The incessant shrillof the heart rate monitor drones on and on in the darkened hospital room. It no longer beeps in tune with my mom’s heart.

Instead, it wails like an alarm in the night for all to hear.

Mom is gone, and she’s never coming back. There won’t be any more late night calls when I need her advice. No more dinner and movie dates from separate cities.

No more holiday dinners where we scrape together whatever we can afford.

I knew the end was coming, but not this soon.

Not now. Not tonight.

Not when I’m this lost and still don’t have my life together. I was supposed to finish college and get a good-paying job.

I was supposed to get Mom out of this shitty, small beach town and be treated by the best doctors money could buy.

But I wasn’t fast enough.

I didn’t have enough time to make that happen.

The disease spread to her entire body a couple of months ago and that’s when we knew we were out of time.

No amount of procedures, surgeries, or medicine could reverse the damage that had already been done.

We were playing a waiting game, but the waiting game has just ended.

I’m frozen in my seat, unable to move or speak. I want to shut off the damn machine. I want to shut off the reminder that from now on I’m all alone, but I can’t get up. I can’t bring myself to reach over Mom’s lifeless body.

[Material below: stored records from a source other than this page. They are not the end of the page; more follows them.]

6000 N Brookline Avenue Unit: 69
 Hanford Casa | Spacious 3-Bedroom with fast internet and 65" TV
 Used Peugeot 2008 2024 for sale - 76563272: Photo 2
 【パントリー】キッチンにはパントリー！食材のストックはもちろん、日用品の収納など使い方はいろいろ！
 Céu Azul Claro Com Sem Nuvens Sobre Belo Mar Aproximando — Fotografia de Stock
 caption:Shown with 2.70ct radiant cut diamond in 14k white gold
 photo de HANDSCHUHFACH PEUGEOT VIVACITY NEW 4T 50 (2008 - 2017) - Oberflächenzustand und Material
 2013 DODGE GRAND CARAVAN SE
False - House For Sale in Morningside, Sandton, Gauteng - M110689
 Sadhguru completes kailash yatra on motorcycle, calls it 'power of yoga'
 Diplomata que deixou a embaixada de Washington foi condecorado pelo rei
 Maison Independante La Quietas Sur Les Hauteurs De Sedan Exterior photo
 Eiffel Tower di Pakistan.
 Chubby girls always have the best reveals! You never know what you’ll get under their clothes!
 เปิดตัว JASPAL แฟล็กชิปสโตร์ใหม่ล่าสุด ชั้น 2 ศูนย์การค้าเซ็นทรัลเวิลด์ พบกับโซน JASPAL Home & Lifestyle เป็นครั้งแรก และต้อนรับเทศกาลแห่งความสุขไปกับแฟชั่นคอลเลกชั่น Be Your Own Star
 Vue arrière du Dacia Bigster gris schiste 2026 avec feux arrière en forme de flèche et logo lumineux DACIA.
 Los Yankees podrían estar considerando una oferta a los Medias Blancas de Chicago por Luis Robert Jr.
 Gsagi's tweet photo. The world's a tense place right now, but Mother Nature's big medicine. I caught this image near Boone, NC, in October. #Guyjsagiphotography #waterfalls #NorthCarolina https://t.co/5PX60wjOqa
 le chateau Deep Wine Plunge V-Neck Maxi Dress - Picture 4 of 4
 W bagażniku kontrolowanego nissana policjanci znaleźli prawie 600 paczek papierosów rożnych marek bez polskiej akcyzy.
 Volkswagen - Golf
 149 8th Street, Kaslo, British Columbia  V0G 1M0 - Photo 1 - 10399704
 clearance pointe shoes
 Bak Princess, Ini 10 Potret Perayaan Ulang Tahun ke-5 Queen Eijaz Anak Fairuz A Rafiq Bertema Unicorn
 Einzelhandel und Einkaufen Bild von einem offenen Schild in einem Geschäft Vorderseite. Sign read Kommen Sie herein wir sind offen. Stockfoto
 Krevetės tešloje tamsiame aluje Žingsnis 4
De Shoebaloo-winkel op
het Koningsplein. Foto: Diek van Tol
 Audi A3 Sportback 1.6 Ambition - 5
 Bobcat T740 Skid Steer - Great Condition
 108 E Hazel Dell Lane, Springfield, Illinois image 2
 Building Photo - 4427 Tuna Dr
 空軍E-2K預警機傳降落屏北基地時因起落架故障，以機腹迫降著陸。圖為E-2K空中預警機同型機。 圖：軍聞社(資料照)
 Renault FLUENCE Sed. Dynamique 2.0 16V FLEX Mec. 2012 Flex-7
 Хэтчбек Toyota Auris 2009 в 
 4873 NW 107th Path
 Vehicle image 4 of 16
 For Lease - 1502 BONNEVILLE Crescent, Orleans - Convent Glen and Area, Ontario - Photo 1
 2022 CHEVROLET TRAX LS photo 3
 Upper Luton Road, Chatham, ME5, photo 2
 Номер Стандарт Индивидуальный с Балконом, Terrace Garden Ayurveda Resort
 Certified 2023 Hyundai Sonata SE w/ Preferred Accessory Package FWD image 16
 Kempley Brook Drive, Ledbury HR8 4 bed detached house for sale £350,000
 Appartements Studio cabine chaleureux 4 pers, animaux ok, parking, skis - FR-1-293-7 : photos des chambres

Nurses and doctors flood inside the small hospital room that I’ve called home for the past several weeks.

One doctor flicks on the overhead light before slipping on a pair of blue nitrile gloves as he walks towards Mom.

His hand reaches out to check Mom’s pulse, but I know they won’t find one. The machine is telling us what we already know.

She’s dead.

There’s no going back.

He looks down at his Rolex watch. It’s way nicer than the other doctor’s watches, but I guess you can afford to drop several thousands of dollars on a watch when you’re the Chief of Staff.

“Time of death 17:10.”

His voice contains no emotion, but why would it?

He didn’t know Mom.

He only knew her as Wendy MacArthur, room sixteen. The lady who would rather stay on her deathbed in a cold sterile hospital than her own home surrounded by friends and family.

He doesn’t know that Mom and I are loners. We have no friends and our family has long since forgotten us.

The nurse to my right grabs the clipboard from the foot of Mom’s hospital bed and writes the time.

The time that will be permanently etched into my mind now.

Several nurses speak as the doctor blurts out several orders.